:: EXERCISE ::
Write out the records once more, exactly, and keep any image out.
· · · · · · ·
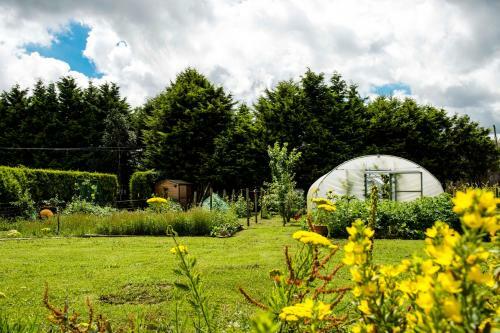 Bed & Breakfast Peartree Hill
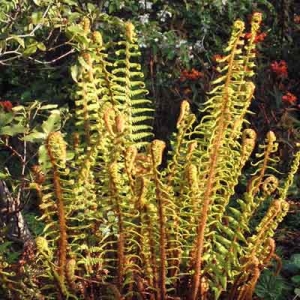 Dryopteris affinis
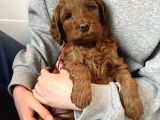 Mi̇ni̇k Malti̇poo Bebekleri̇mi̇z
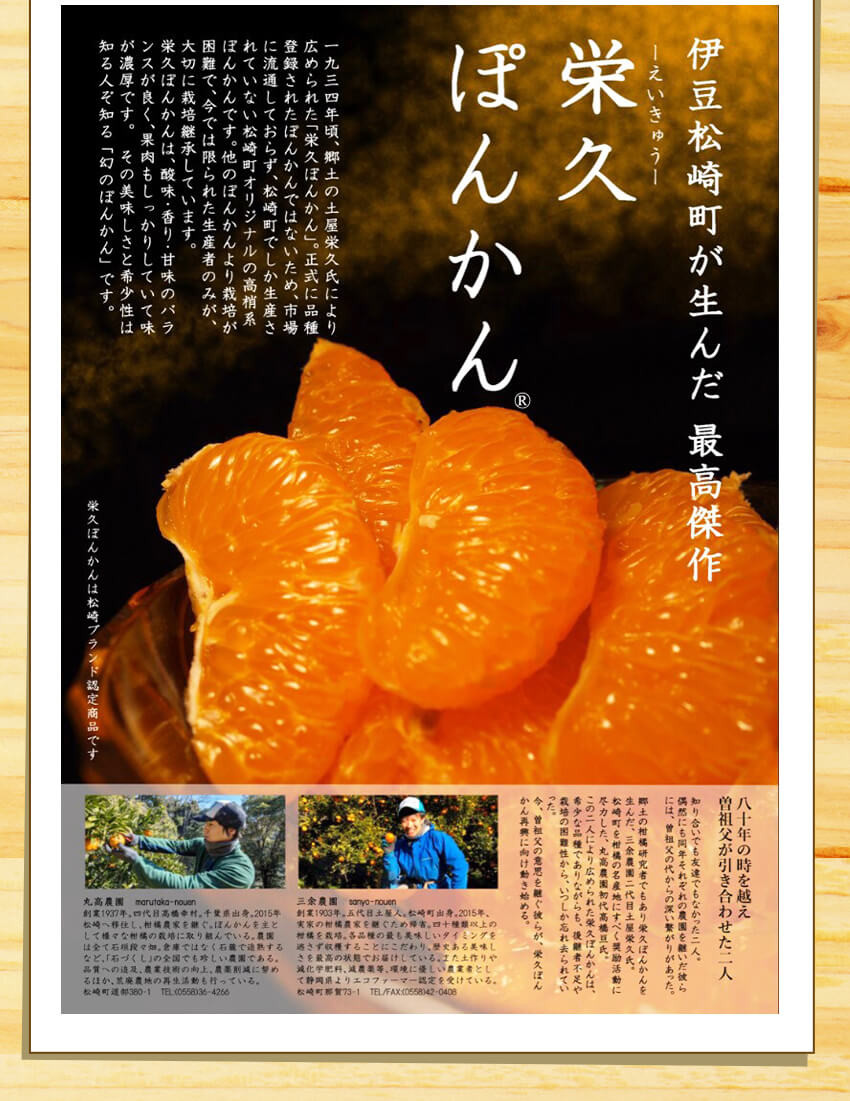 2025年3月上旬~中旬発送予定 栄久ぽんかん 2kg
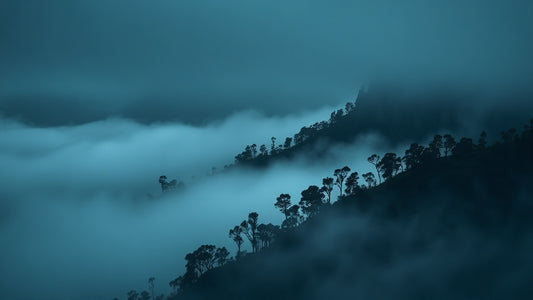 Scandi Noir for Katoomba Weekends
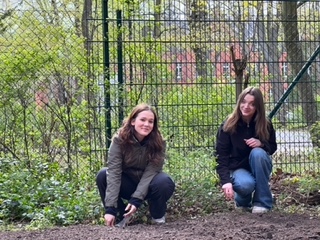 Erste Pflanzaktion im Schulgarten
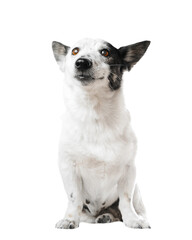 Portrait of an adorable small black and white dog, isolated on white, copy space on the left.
· · · · · · ·
:: EXERCISE RESULT ::
 Bed & Breakfast Peartree Hill
 Dryopteris affinis
 Mi̇ni̇k Malti̇poo Bebekleri̇mi̇z
 2025年3月上旬~中旬発送予定 栄久ぽんかん 2kg
 Scandi Noir for Katoomba Weekends
 Erste Pflanzaktion im Schulgarten
 Portrait of an adorable small black and white dog, isolated on white, copy space on the left.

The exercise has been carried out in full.